### Work order
Could you print the stretch of lines below from the one with "Ruger ~ GP100 ~ .357 Magnum - 2 of 5" through the one with "Related product image realme Phone Case", exactly as they stand and without any pictures?

### Listed records
☆ ☆ ☆ ☆

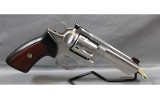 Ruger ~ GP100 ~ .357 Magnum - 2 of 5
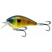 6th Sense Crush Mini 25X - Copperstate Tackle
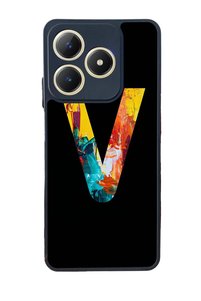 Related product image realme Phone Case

☆ ☆ ☆ ☆

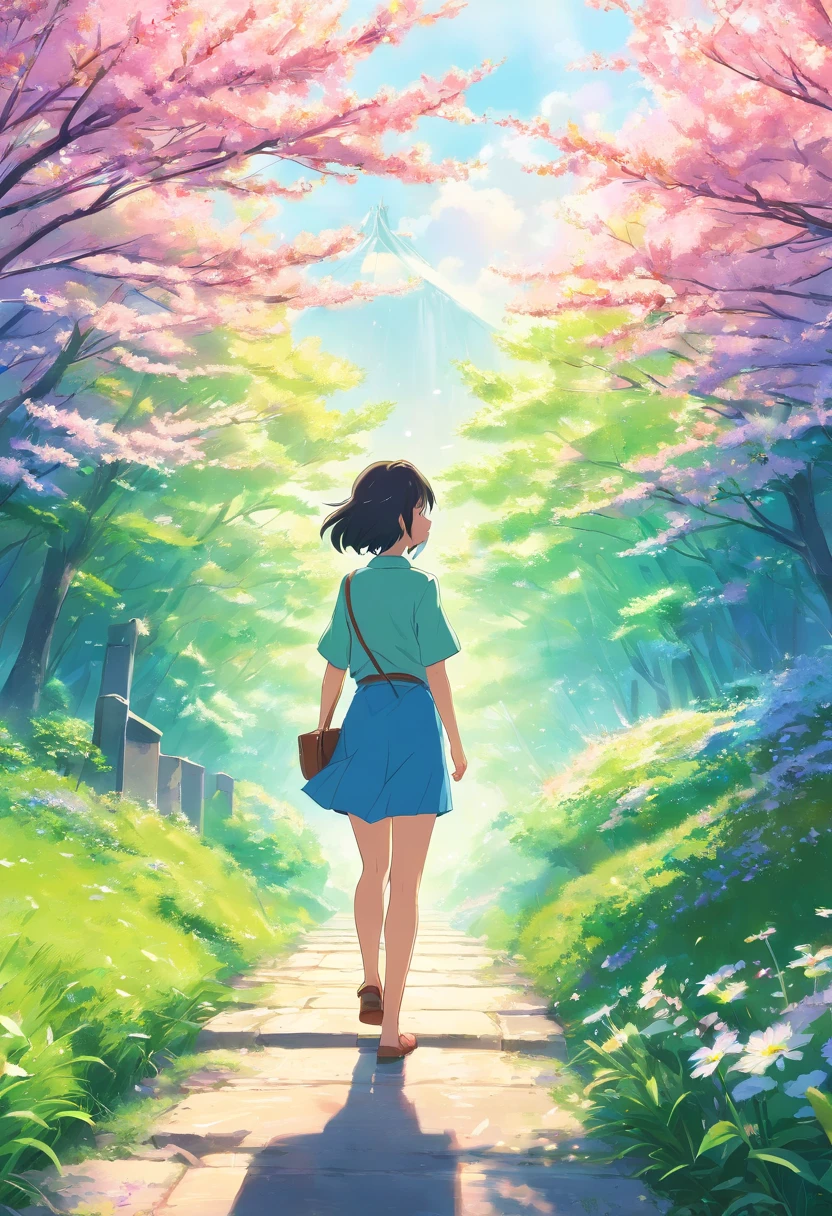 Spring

☆ ☆ ☆ ☆

### Written response
 Ruger ~ GP100 ~ .357 Magnum - 2 of 5
 6th Sense Crush Mini 25X - Copperstate Tackle
 Related product image realme Phone Case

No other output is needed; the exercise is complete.